WHAT THE EXERCISE ASKS. What follows is a listing; restate all of it word for word.

******************************

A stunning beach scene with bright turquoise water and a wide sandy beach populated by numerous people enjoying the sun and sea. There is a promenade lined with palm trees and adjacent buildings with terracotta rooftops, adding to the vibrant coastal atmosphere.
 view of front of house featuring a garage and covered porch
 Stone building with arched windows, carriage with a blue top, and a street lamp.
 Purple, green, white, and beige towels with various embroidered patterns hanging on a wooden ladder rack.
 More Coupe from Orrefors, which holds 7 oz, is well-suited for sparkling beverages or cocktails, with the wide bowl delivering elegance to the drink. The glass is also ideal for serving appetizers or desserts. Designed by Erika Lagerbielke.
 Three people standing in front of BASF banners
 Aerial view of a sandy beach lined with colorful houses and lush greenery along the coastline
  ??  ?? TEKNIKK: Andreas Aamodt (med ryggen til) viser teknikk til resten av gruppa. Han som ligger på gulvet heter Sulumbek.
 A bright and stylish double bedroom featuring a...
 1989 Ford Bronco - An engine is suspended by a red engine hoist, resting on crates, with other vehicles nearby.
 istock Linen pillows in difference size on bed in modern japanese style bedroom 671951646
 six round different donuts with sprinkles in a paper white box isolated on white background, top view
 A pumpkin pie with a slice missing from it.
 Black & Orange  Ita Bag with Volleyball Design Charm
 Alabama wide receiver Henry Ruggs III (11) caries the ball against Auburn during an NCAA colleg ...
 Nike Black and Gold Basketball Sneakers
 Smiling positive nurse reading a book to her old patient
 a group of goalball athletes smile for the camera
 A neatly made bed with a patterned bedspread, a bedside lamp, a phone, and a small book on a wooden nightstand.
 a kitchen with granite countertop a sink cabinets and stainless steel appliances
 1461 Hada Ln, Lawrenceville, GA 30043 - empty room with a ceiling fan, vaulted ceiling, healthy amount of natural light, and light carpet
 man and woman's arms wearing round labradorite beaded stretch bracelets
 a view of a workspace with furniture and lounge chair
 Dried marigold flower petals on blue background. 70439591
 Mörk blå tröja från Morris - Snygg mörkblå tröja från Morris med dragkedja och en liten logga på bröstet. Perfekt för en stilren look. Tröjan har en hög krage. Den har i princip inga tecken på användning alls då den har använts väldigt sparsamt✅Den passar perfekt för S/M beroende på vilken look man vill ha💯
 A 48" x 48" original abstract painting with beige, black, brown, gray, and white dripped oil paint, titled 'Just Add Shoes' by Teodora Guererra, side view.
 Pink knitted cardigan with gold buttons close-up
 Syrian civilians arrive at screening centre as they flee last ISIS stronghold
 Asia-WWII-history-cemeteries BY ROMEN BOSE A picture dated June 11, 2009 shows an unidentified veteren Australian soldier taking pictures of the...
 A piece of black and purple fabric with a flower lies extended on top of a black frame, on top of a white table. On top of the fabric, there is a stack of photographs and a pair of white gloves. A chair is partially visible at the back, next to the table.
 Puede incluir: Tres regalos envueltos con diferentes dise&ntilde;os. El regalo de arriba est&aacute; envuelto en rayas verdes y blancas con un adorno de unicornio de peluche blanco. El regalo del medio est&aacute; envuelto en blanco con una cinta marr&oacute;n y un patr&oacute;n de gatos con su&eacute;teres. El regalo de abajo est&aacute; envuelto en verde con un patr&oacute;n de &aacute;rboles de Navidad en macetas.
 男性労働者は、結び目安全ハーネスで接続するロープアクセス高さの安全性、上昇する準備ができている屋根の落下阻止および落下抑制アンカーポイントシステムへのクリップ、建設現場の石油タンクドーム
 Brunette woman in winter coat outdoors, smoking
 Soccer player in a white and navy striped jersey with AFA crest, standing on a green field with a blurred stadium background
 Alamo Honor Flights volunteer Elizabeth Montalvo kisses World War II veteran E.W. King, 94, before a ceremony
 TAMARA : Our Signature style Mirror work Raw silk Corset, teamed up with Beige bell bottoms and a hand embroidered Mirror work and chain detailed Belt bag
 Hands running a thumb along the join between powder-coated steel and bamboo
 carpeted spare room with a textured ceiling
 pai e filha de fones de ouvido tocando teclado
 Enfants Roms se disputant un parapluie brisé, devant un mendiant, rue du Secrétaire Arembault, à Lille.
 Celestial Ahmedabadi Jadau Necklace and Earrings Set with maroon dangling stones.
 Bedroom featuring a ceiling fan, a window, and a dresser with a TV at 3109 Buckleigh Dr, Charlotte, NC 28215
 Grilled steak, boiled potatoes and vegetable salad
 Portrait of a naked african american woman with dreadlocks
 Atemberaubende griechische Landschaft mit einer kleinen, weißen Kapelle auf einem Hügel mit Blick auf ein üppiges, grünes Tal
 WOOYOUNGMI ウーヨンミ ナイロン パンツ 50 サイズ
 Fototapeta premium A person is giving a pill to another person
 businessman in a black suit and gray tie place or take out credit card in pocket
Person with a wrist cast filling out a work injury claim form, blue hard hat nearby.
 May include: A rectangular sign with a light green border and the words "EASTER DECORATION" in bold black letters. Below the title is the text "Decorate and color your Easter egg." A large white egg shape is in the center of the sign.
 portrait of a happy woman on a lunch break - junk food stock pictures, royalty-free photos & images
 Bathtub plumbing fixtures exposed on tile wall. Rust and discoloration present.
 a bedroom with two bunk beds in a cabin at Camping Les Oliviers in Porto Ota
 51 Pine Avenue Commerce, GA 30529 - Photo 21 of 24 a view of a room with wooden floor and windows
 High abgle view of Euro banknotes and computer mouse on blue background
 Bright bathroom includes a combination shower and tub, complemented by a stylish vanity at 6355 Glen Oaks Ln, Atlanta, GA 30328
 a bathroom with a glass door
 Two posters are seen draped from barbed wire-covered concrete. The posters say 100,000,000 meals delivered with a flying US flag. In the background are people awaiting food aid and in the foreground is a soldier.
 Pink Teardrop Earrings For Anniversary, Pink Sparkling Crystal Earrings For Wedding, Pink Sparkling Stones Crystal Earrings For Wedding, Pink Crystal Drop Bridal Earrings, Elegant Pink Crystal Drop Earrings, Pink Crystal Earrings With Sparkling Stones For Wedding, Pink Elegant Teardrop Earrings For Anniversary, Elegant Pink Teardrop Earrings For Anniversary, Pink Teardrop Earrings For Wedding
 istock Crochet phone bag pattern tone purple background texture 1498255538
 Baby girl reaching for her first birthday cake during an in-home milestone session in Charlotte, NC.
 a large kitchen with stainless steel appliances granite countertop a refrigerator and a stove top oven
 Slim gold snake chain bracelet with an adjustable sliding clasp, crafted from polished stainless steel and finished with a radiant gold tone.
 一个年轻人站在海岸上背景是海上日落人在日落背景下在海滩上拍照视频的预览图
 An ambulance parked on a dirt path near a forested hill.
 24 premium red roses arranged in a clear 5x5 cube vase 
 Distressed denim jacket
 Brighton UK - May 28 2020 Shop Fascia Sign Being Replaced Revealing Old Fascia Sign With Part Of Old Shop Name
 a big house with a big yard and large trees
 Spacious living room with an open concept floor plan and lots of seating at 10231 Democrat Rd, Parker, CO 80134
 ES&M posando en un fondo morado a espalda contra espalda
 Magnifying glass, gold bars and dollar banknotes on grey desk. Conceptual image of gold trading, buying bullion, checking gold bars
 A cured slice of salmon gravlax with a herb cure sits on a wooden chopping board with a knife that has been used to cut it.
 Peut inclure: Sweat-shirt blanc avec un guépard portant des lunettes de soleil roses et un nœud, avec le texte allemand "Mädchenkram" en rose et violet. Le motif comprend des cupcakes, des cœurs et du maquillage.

******************************

EXERCISE ANSWER.
A stunning beach scene with bright turquoise water and a wide sandy beach populated by numerous people enjoying the sun and sea. There is a promenade lined with palm trees and adjacent buildings with terracotta rooftops, adding to the vibrant coastal atmosphere.
 view of front of house featuring a garage and covered porch
 Stone building with arched windows, carriage with a blue top, and a street lamp.
 Purple, green, white, and beige towels with various embroidered patterns hanging on a wooden ladder rack.
 More Coupe from Orrefors, which holds 7 oz, is well-suited for sparkling beverages or cocktails, with the wide bowl delivering elegance to the drink. The glass is also ideal for serving appetizers or desserts. Designed by Erika Lagerbielke.
 Three people standing in front of BASF banners
 Aerial view of a sandy beach lined with colorful houses and lush greenery along the coastline
  ??  ?? TEKNIKK: Andreas Aamodt (med ryggen til) viser teknikk til resten av gruppa. Han som ligger på gulvet heter Sulumbek.
 A bright and stylish double bedroom featuring a...
 1989 Ford Bronco - An engine is suspended by a red engine hoist, resting on crates, with other vehicles nearby.
 istock Linen pillows in difference size on bed in modern japanese style bedroom 671951646
 six round different donuts with sprinkles in a paper white box isolated on white background, top view
 A pumpkin pie with a slice missing from it.
 Black & Orange  Ita Bag with Volleyball Design Charm
 Alabama wide receiver Henry Ruggs III (11) caries the ball against Auburn during an NCAA colleg ...
 Nike Black and Gold Basketball Sneakers
 Smiling positive nurse reading a book to her old patient
 a group of goalball athletes smile for the camera
 A neatly made bed with a patterned bedspread, a bedside lamp, a phone, and a small book on a wooden nightstand.
 a kitchen with granite countertop a sink cabinets and stainless steel appliances
 1461 Hada Ln, Lawrenceville, GA 30043 - empty room with a ceiling fan, vaulted ceiling, healthy amount of natural light, and light carpet
 man and woman's arms wearing round labradorite beaded stretch bracelets
 a view of a workspace with furniture and lounge chair
 Dried marigold flower petals on blue background. 70439591
 Mörk blå tröja från Morris - Snygg mörkblå tröja från Morris med dragkedja och en liten logga på bröstet. Perfekt för en stilren look. Tröjan har en hög krage. Den har i princip inga tecken på användning alls då den har använts väldigt sparsamt✅Den passar perfekt för S/M beroende på vilken look man vill ha💯
 A 48" x 48" original abstract painting with beige, black, brown, gray, and white dripped oil paint, titled 'Just Add Shoes' by Teodora Guererra, side view.
 Pink knitted cardigan with gold buttons close-up
 Syrian civilians arrive at screening centre as they flee last ISIS stronghold
 Asia-WWII-history-cemeteries BY ROMEN BOSE A picture dated June 11, 2009 shows an unidentified veteren Australian soldier taking pictures of the...
 A piece of black and purple fabric with a flower lies extended on top of a black frame, on top of a white table. On top of the fabric, there is a stack of photographs and a pair of white gloves. A chair is partially visible at the back, next to the table.
 Puede incluir: Tres regalos envueltos con diferentes dise&ntilde;os. El regalo de arriba est&aacute; envuelto en rayas verdes y blancas con un adorno de unicornio de peluche blanco. El regalo del medio est&aacute; envuelto en blanco con una cinta marr&oacute;n y un patr&oacute;n de gatos con su&eacute;teres. El regalo de abajo est&aacute; envuelto en verde con un patr&oacute;n de &aacute;rboles de Navidad en macetas.
 男性労働者は、結び目安全ハーネスで接続するロープアクセス高さの安全性、上昇する準備ができている屋根の落下阻止および落下抑制アンカーポイントシステムへのクリップ、建設現場の石油タンクドーム
 Brunette woman in winter coat outdoors, smoking
 Soccer player in a white and navy striped jersey with AFA crest, standing on a green field with a blurred stadium background
 Alamo Honor Flights volunteer Elizabeth Montalvo kisses World War II veteran E.W. King, 94, before a ceremony
 TAMARA : Our Signature style Mirror work Raw silk Corset, teamed up with Beige bell bottoms and a hand embroidered Mirror work and chain detailed Belt bag
 Hands running a thumb along the join between powder-coated steel and bamboo
 carpeted spare room with a textured ceiling
 pai e filha de fones de ouvido tocando teclado
 Enfants Roms se disputant un parapluie brisé, devant un mendiant, rue du Secrétaire Arembault, à Lille.
 Celestial Ahmedabadi Jadau Necklace and Earrings Set with maroon dangling stones.
 Bedroom featuring a ceiling fan, a window, and a dresser with a TV at 3109 Buckleigh Dr, Charlotte, NC 28215
 Grilled steak, boiled potatoes and vegetable salad
 Portrait of a naked african american woman with dreadlocks
 Atemberaubende griechische Landschaft mit einer kleinen, weißen Kapelle auf einem Hügel mit Blick auf ein üppiges, grünes Tal
 WOOYOUNGMI ウーヨンミ ナイロン パンツ 50 サイズ
 Fototapeta premium A person is giving a pill to another person
 businessman in a black suit and gray tie place or take out credit card in pocket
Person with a wrist cast filling out a work injury claim form, blue hard hat nearby.
 May include: A rectangular sign with a light green border and the words "EASTER DECORATION" in bold black letters. Below the title is the text "Decorate and color your Easter egg." A large white egg shape is in the center of the sign.
 portrait of a happy woman on a lunch break - junk food stock pictures, royalty-free photos & images
 Bathtub plumbing fixtures exposed on tile wall. Rust and discoloration present.
 a bedroom with two bunk beds in a cabin at Camping Les Oliviers in Porto Ota
 51 Pine Avenue Commerce, GA 30529 - Photo 21 of 24 a view of a room with wooden floor and windows
 High abgle view of Euro banknotes and computer mouse on blue background
 Bright bathroom includes a combination shower and tub, complemented by a stylish vanity at 6355 Glen Oaks Ln, Atlanta, GA 30328
 a bathroom with a glass door
 Two posters are seen draped from barbed wire-covered concrete. The posters say 100,000,000 meals delivered with a flying US flag. In the background are people awaiting food aid and in the foreground is a soldier.
 Pink Teardrop Earrings For Anniversary, Pink Sparkling Crystal Earrings For Wedding, Pink Sparkling Stones Crystal Earrings For Wedding, Pink Crystal Drop Bridal Earrings, Elegant Pink Crystal Drop Earrings, Pink Crystal Earrings With Sparkling Stones For Wedding, Pink Elegant Teardrop Earrings For Anniversary, Elegant Pink Teardrop Earrings For Anniversary, Pink Teardrop Earrings For Wedding
 istock Crochet phone bag pattern tone purple background texture 1498255538
 Baby girl reaching for her first birthday cake during an in-home milestone session in Charlotte, NC.
 a large kitchen with stainless steel appliances granite countertop a refrigerator and a stove top oven
 Slim gold snake chain bracelet with an adjustable sliding clasp, crafted from polished stainless steel and finished with a radiant gold tone.
 一个年轻人站在海岸上背景是海上日落人在日落背景下在海滩上拍照视频的预览图
 An ambulance parked on a dirt path near a forested hill.
 24 premium red roses arranged in a clear 5x5 cube vase 
 Distressed denim jacket
 Brighton UK - May 28 2020 Shop Fascia Sign Being Replaced Revealing Old Fascia Sign With Part Of Old Shop Name
 a big house with a big yard and large trees
 Spacious living room with an open concept floor plan and lots of seating at 10231 Democrat Rd, Parker, CO 80134
 ES&M posando en un fondo morado a espalda contra espalda
 Magnifying glass, gold bars and dollar banknotes on grey desk. Conceptual image of gold trading, buying bullion, checking gold bars
 A cured slice of salmon gravlax with a herb cure sits on a wooden chopping board with a knife that has been used to cut it.
 Peut inclure: Sweat-shirt blanc avec un guépard portant des lunettes de soleil roses et un nœud, avec le texte allemand "Mädchenkram" en rose et violet. Le motif comprend des cupcakes, des cœurs et du maquillage.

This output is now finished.